## Excerpted data
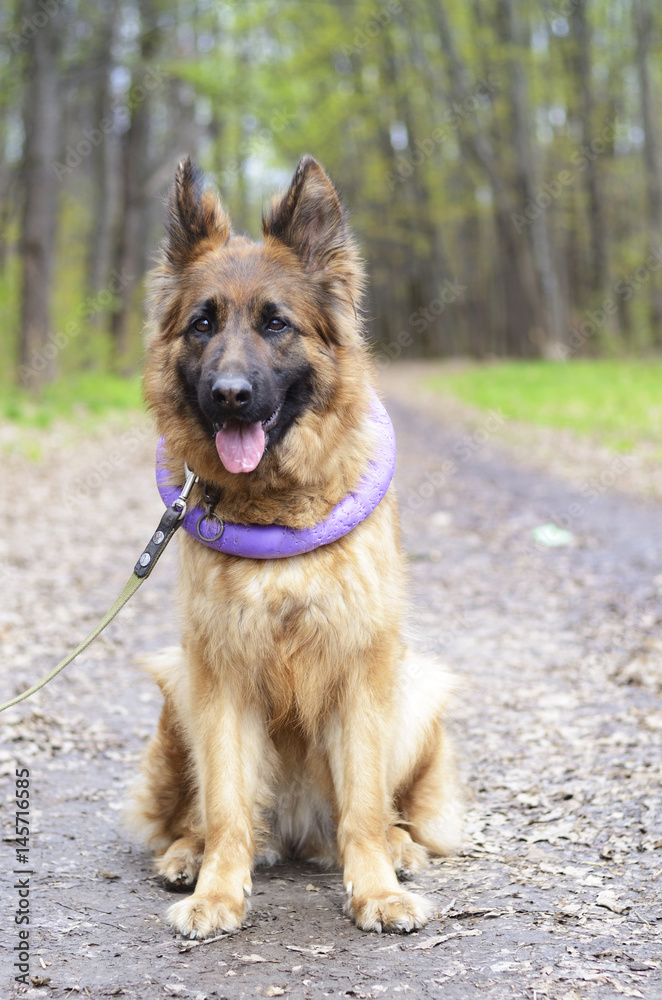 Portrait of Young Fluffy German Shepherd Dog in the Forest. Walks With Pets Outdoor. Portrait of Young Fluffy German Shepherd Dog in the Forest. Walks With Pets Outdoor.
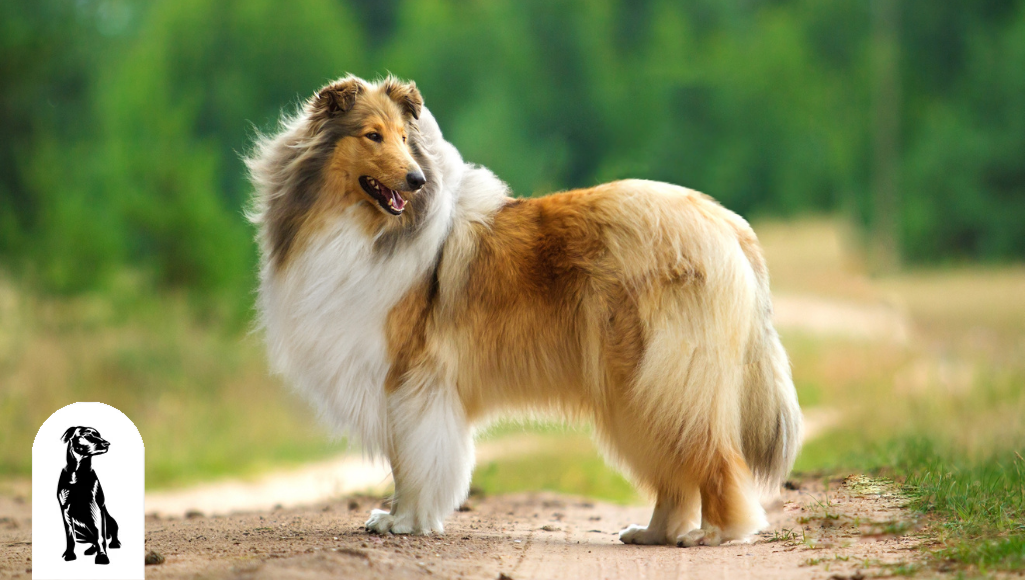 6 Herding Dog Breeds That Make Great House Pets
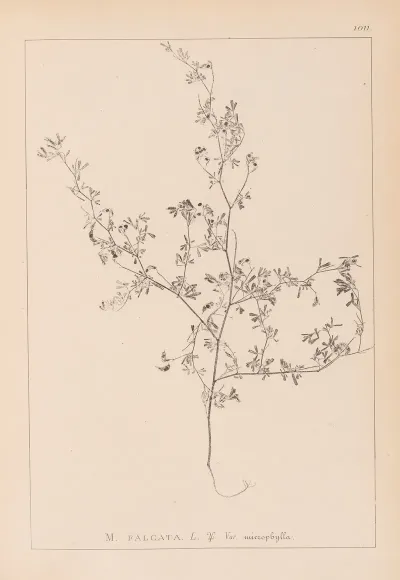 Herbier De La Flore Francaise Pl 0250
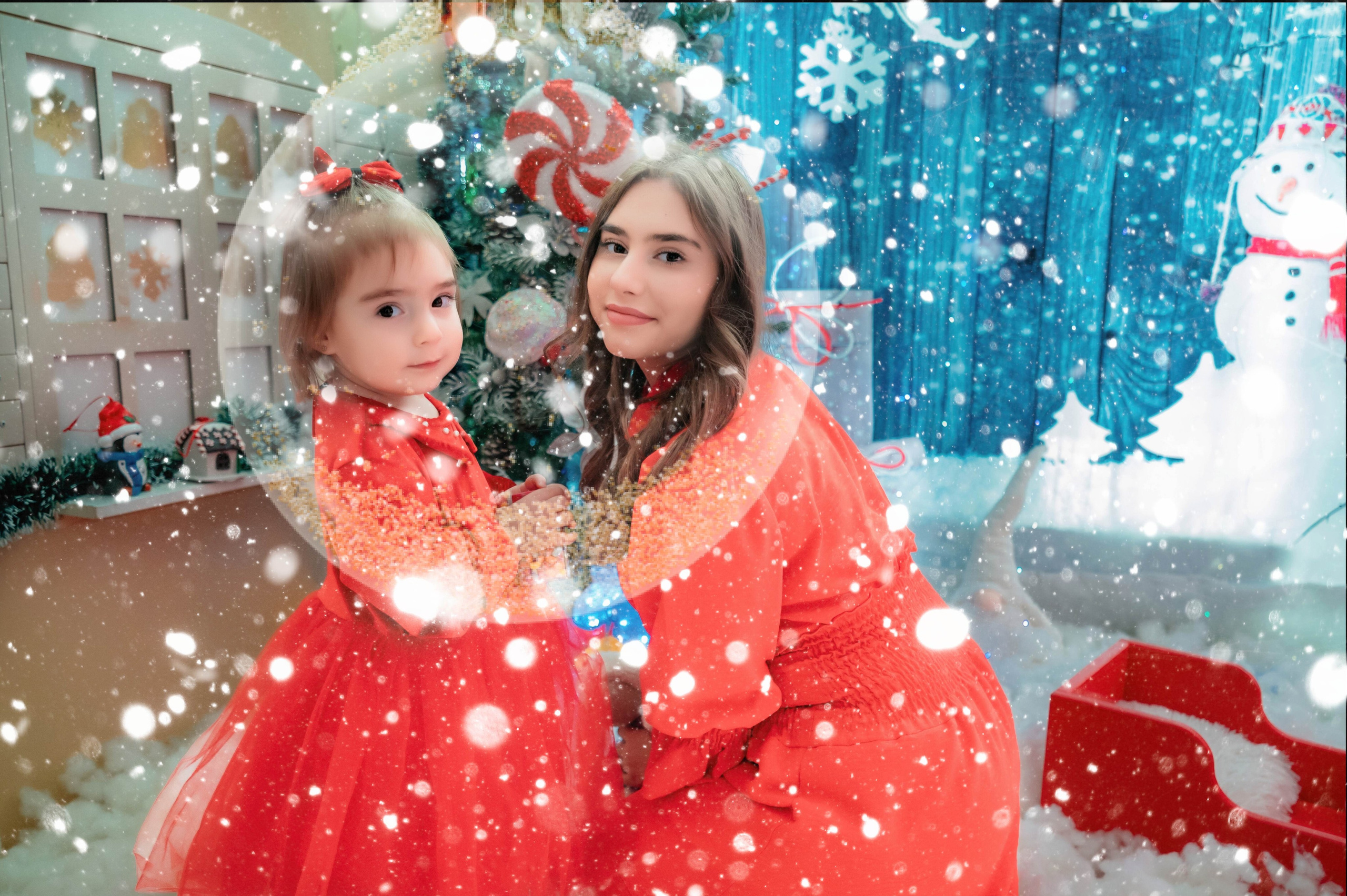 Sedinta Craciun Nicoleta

==

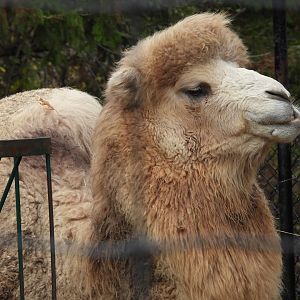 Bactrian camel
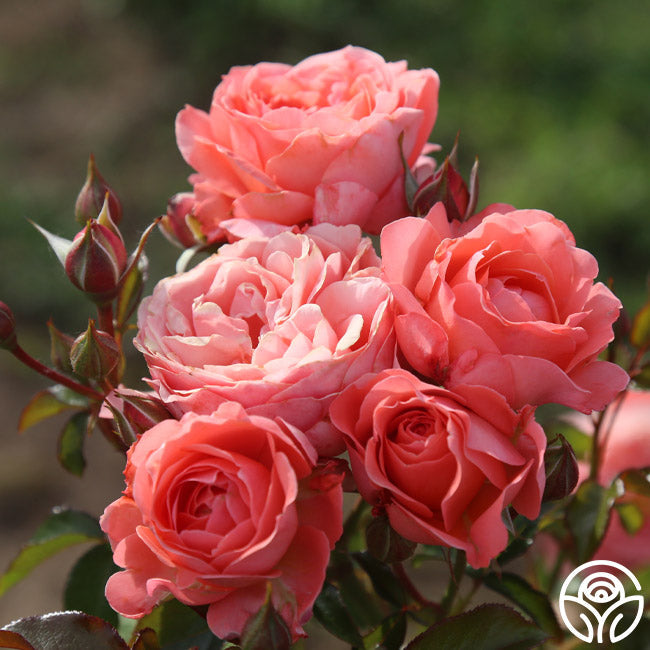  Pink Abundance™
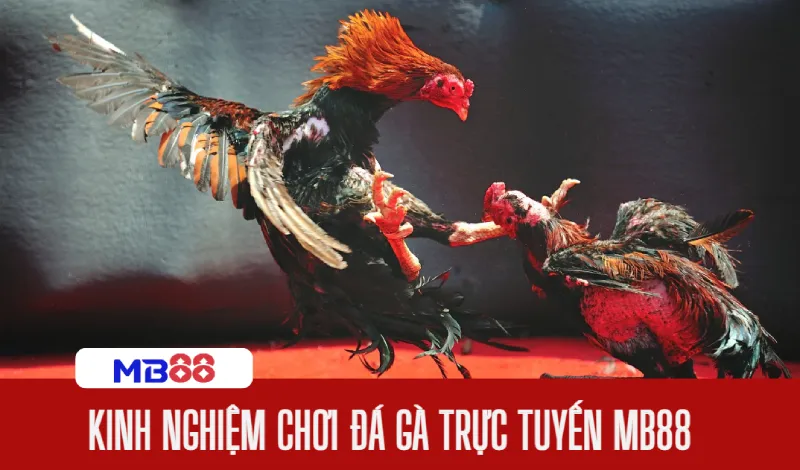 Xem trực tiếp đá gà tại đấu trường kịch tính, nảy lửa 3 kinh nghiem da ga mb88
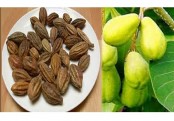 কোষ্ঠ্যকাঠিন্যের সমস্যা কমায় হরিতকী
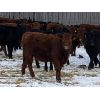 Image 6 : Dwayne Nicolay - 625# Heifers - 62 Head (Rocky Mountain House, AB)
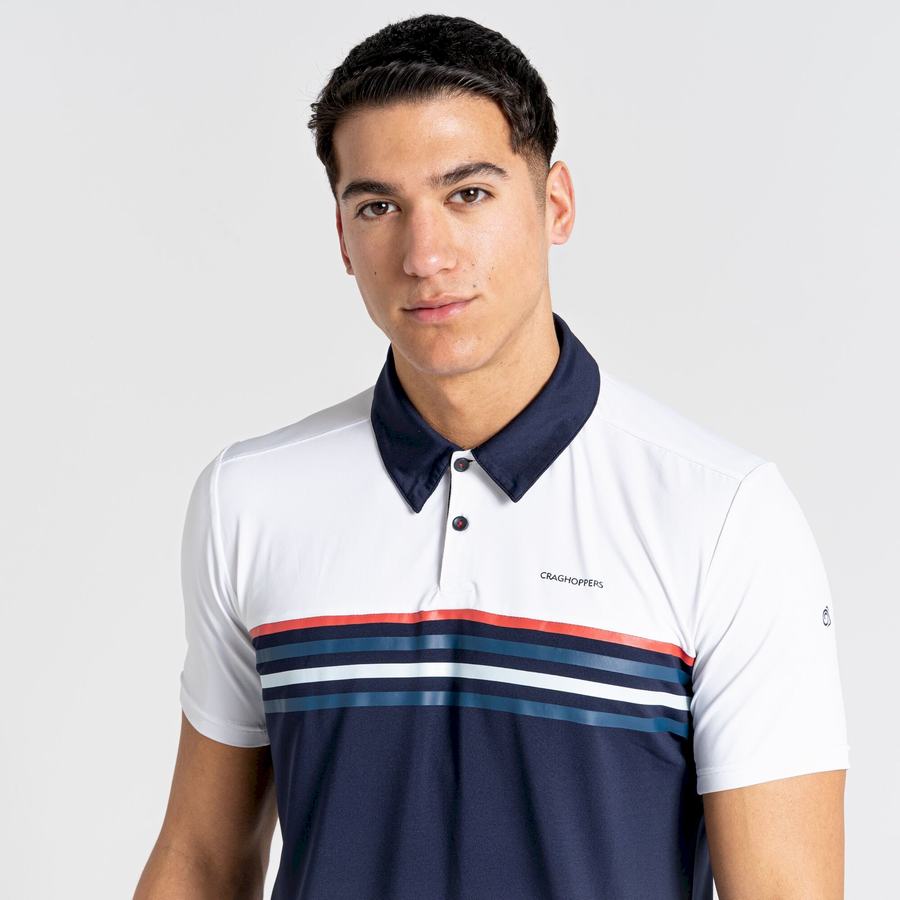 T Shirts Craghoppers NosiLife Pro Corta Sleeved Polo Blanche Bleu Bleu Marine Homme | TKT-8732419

* * *

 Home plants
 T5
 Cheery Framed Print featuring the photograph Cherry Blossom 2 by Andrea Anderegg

## Task requirements
Retype only the lines above from the one with "Pets Outdoor. Portrait" through the one with "Sedinta Craciun Nicoleta", exactly and with both ends. Images stay out.

## Result
 Portrait of Young Fluffy German Shepherd Dog in the Forest. Walks With Pets Outdoor. Portrait of Young Fluffy German Shepherd Dog in the Forest. Walks With Pets Outdoor.
 6 Herding Dog Breeds That Make Great House Pets
 Herbier De La Flore Francaise Pl 0250
 Sedinta Craciun Nicoleta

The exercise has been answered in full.